The mere existence of this Act is important. As the company considers outsourcing processor locations, it should do some amount of due diligence on the recourse it would have in the event of a security or privacy breach. For example, while legal (monetary) recourse for a security breach might exist in the U.S., it would be important to consider whether the company could reasonably get an injunction (or other comparable order) in a local jurisdiction to compel return or destruction of misappropriated data. It appears that the Philippine legal system would offer these types of relief.
As each company considers its outsourcing options, it must understand both the impact of laws of the country where the data originates and well as the laws of the country where the data will be processed. Because the responsibility for compliance with the originating-countries’ laws will continue to rest with the company and because the company will also need to ensure that it complies with requirements of applicable state laws as well as any representations it has made, due diligence about the vendor and the receiving-countries’ legal systems must be complete.

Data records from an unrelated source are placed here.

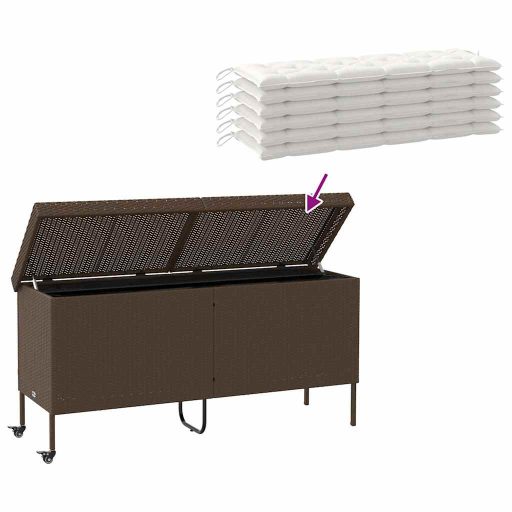 Barna polyrattan kerti tárolóláda kerekekkel 160x55x75 cm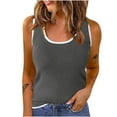 thumbnail image 1 of Otvok Womens Tank Top Summer Sleeveless Scoop Neck Ribbed Knit Color Block Basic Camis Tee Shirts, 1 of 6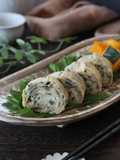 Japanese Rolled Omelet with Myoga and Shiso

Once the due diligence is complete, the company must ensure that appropriate protections are built into its vendor contracts. These protections include thoughtful contractual provisions related to confidentiality, appropriate use, data security, audit rights, insurance and remedies. We recommend that a safeguards schedule be included in the outsourcing contract in order to provide sufficient detail on the security expectations. Ongoing vendor monitoring and management is also essential. In each case, the level of effort needed will depend on the amount and sensitivity of the personal information being processed.
For all off-shore relationships, I also recommend that the company develop a formal plan for responding to “worst case scenario” type events, such as misappropriation of personal data. This plan would contain an analysis of legal remedies available in the jurisdiction. It would identify both local legal resources that could be called upon quickly as well as the legal recourse that would be sought in the event of a security incident or breach of contract.